Однако распад Советского Союза не завершился 25 декабря 1991 года, когда на башнях Кремля был спущен красный флаг с серпом и молотом, и был поднят российский триколор. Это было лишь начало длительной гибели империи, которая сначала исчерпала себя физически, а потом ментально, и аннексия Крыма является не чем иным, как свидетельством того, что этот процесс продолжается и по сей день.


Маша Гессен подчеркивает в своей книге, что в 80-е годы модернизация была идеей, завораживавшей граждан Советского Союза, кто-то стремился к эмансипации, кто-то к демократии, кто-то — просто к материальному благополучию, который мог обеспечить капитализм. Но в памяти российского народа гласность и перестройка стали синонимами поражения, они не привели к благополучию, стали причиной уменьшения границ государства, а демократия была заново интерпретирована в локальном ключе. Сегодня, таким образом, большинство обычных людей не хочет радикальных перемен, потому что опасается негативных последствий. Элиты и Путин это поняли, они усвоили урок и начали играть в прятки с прошлым. Они знают, что модернизация стала бы потрясением для основ государства, а они не хотят рубить сук, на котором сидят.


Когда в 1999 году Владимир Путин был избран в качестве преемника Бориса Ельцина, это было сделано для того, чтобы избежать оккупации Кремля двумя ветеранами советской политики — Юрием Лужковым и Евгением Примаковым. Президент России должен был тогда отстаивать демократические победы и новую рыночную политику. Он был идеальным кандидатом, который добился ровно противоположного. Он разрушил достижения 90-х годов, создал миф на своей харизме, уничтожил Ельцина. А когда он в 2001 году решил заменить гимн, принятый в 1991 году, гимном Советского Союза — музыка осталась прежней, а слова были написаны новые — стало ясно, что президент пытается предстать в роли элемента неразрывной связи с прошлым, а не с настоящим. Связи с режимом, а не с демократическими устремлениями.


Здесь и раскрывается причина названия книги Маши Гессен. «Будущее — это история» — потому что будущее России не просто диктуется ее прошлым. Сложный вальс России и ее будущего формируется навязчивым присутствием прошлого. Как отмечает Плохий, все, что делает Путин, включая аннексию Крыма, продиктовано историческими и культурными обоснованиями. Он понял, что критиковать советский режим — неуместно (этот урок усвоил до него еще Брежнев), и решил выстроить непрерывную связь с Великой Отечественной войной. Сплавив национализм, синдром империализма и православие, Владимир Путин постепенно стал просто Путиным и с течением времени превратился в идол на родине и стал вызывать страх за рубежом.


История не всегда интерпретируется буквально.
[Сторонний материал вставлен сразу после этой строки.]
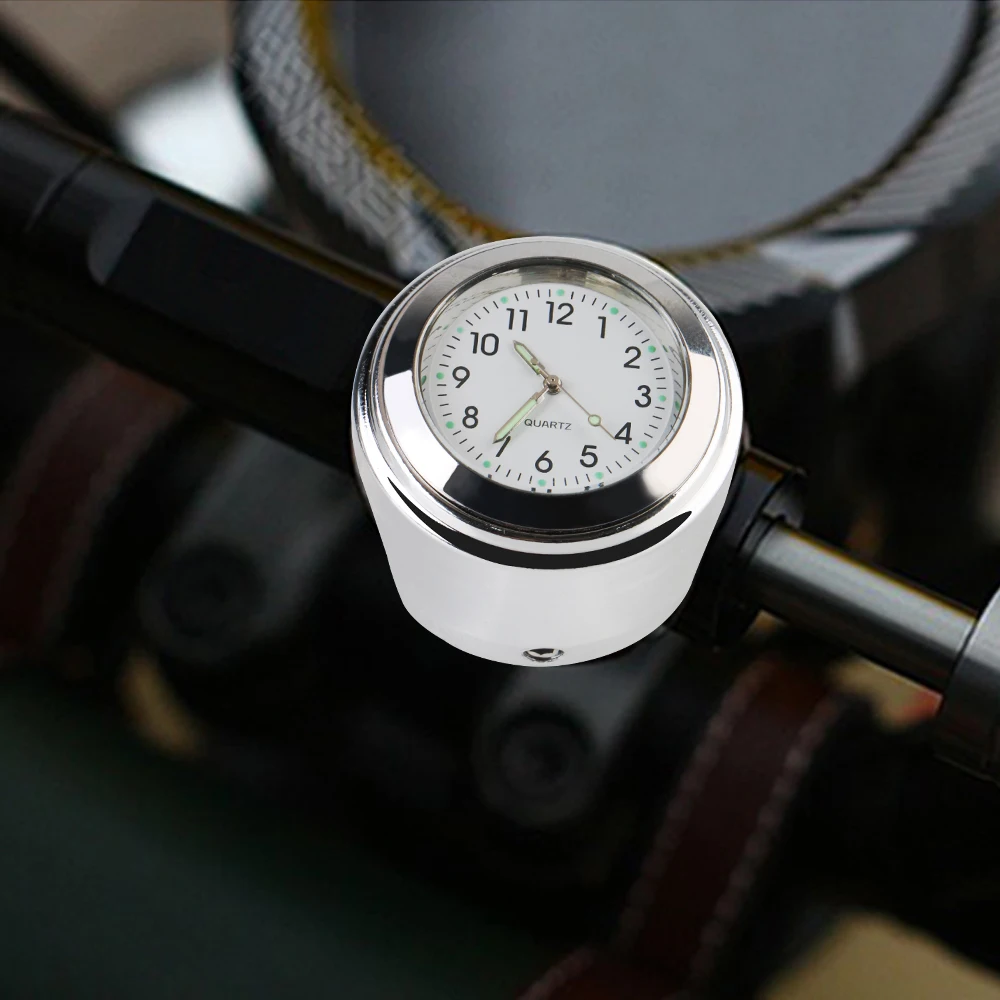 22-25mm Motorcycle Watch Thermometer Temp Gauge Universal Waterproof Luminous Clock Motorcycle Handlebar Mount Clock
Партия российского президента называется «Единая Россия». Это словосочетание было старым лозунгом, появившимся во время революции и использовавшимся в борьбе с большевиками. Современная элита построила государство на советской ностальгии, при этом ничто не помешало ей воспользоваться слоганом оппозиции. Все эти противоречия сформированы гибридной формой правления, которая называется демократической, несмотря на то, что в действительности является режимом.
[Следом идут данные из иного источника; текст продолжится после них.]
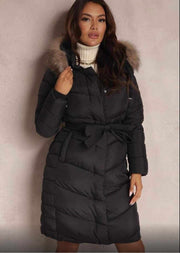 Midi Length Pockets Detachable Fur & Hood Puffer Jacket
Три книги, несмотря на различный подход к материалу и параллельные пути, показывают, что Россия попала в ловушку мифологии. Сила действующего президента России, умудрившегося стабильно сохранять власть, зависит от его эквилибристики между прошлым и будущим. Но что-то начинает меняться. Революция принесла в Россию необузданный оптимизм, жестокую энергию и доверчивость. Это были эмоции, так и не нашедшие выхода в претворении революционных идеалов. Современная Россия никогда не испытывала этих надежд, и, возможно, ностальгия по прошлому отчасти является и ностальгией по надежде. Как пишет в своей книге Маша Гессен, СССР приблизился к своему распаду, как человеческое тело, как живой организм, который сначала разлагается физически, а потом ментально. Так, автор как будто говорит: в этот раз будет то же самое. В 2018 году может начаться распад и этой империи. Он произойдет с должной медлительностью, которая, по словам Троцкого, всегда являлась отличительной чертой истории государства, где время проходит, история останавливается, а прошлое расширяется.